Co-Executive Director, Alliance for Quality Education Zakiyah Shaakir-Ansari said “Last year Speaker Adams declared, we needed to pass a budget that wasn’t about restoring cuts and this year we did. This is a budget that will impact the successful trajectory for the children of NYC from childcare to higher education. Big shout out to Chair Rita Joseph for her persistence and commitment to getting so many education priorities baseline like 3K and preschool special education classes. Yet, there is still progress to be made, particularly in restorative justice practices where there was not enough investments. In early education, it is particularly heartening that the city budget includes enough funding for the child care assistance program (CCAP) to meet the maintenance of effort state requirement, to ensure that families do not lose access to the program. The pilot program for the infant and toddler is a small, but significant test of how we envision universal access to child care should work statewide. Clearly there is more work to be done, but this budget is a testament to the work that has been done by parents and community members to elevate the issues that New Yorkers are facing.”

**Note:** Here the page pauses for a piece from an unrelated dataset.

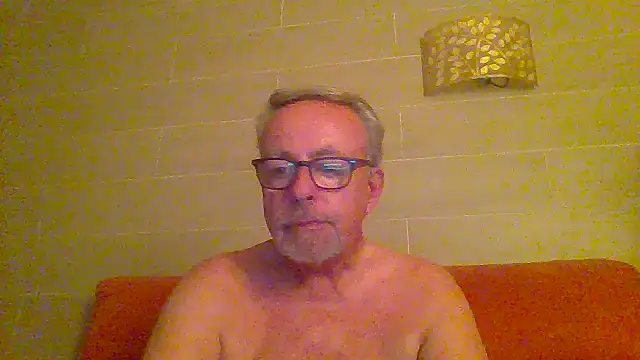 tuggy59 online show from June 23, 2:53 am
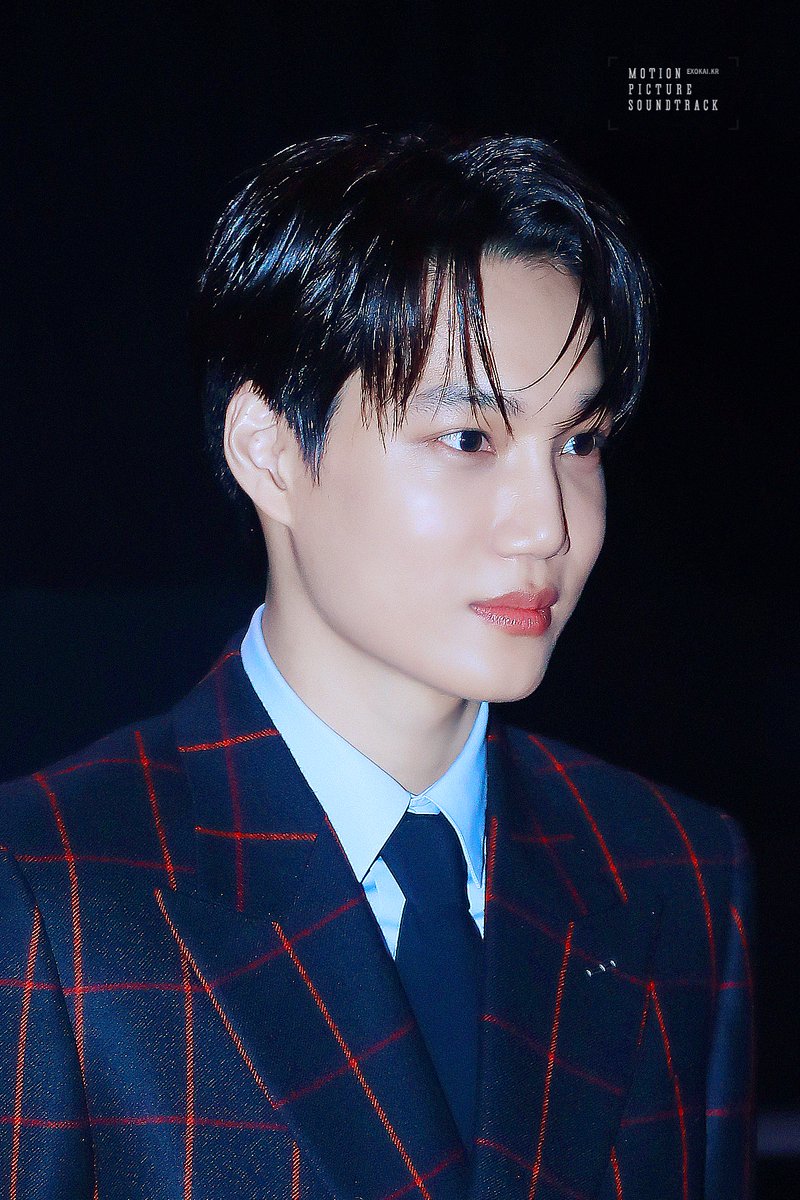 exokai_kr's tweet photo. Happy birthday to kai. I will always be there for you. Please stay on stage forever. Thank you for being our inspiration and our happiness💛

Darren Mack, Co-Director of Freedom Agenda, said “For the past three years, New Yorkers have seen thousands more people with mental health needs sent to Rikers, where they do not receive the care they need, and in the worst cases, don’t make it out alive. Yet the Mayor has been resistant to increasing funding for evidence-based interventions, allowing our neighbors to spiral into crisis and the jail population to balloon while the Department of Corrections budget bloat and mismanagement continue unabated. Had the services funded by this budget been in place three years ago, we could have seen public health and safety increased, and lives saved. The investments the Council achieved are a down payment on the City’s legal and moral obligation to shrink the jail population and close Rikers.”